● Task objective:
Everything in the listing below should be written out again exactly, except the pictures.

● Information supplied:
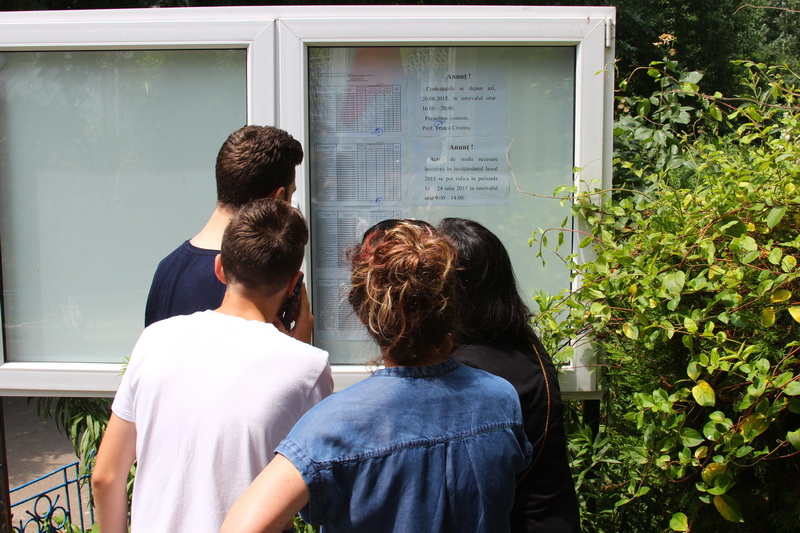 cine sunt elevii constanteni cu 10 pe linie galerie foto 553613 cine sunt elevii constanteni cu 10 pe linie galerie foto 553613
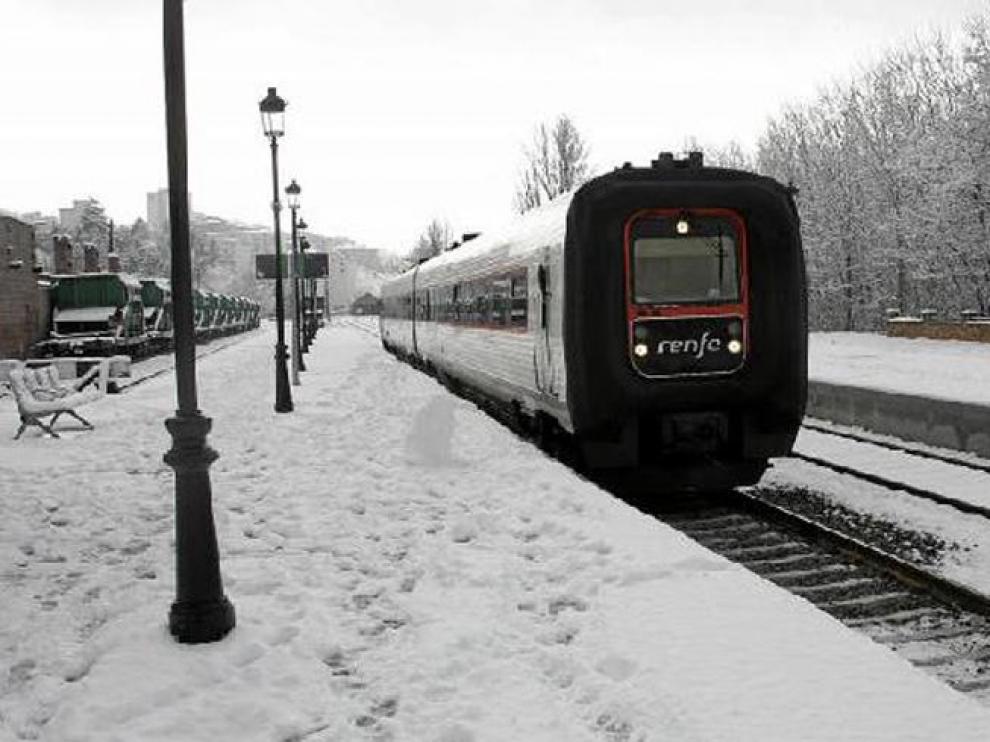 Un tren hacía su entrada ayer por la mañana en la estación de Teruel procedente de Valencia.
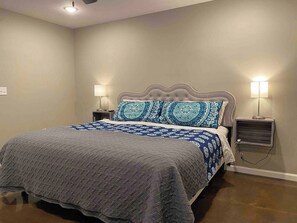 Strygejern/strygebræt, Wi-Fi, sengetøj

● Output of the task:
 cine sunt elevii constanteni cu 10 pe linie galerie foto 553613 cine sunt elevii constanteni cu 10 pe linie galerie foto 553613
 Un tren hacía su entrada ayer por la mañana en la estación de Teruel procedente de Valencia.
 Strygejern/strygebræt, Wi-Fi, sengetøj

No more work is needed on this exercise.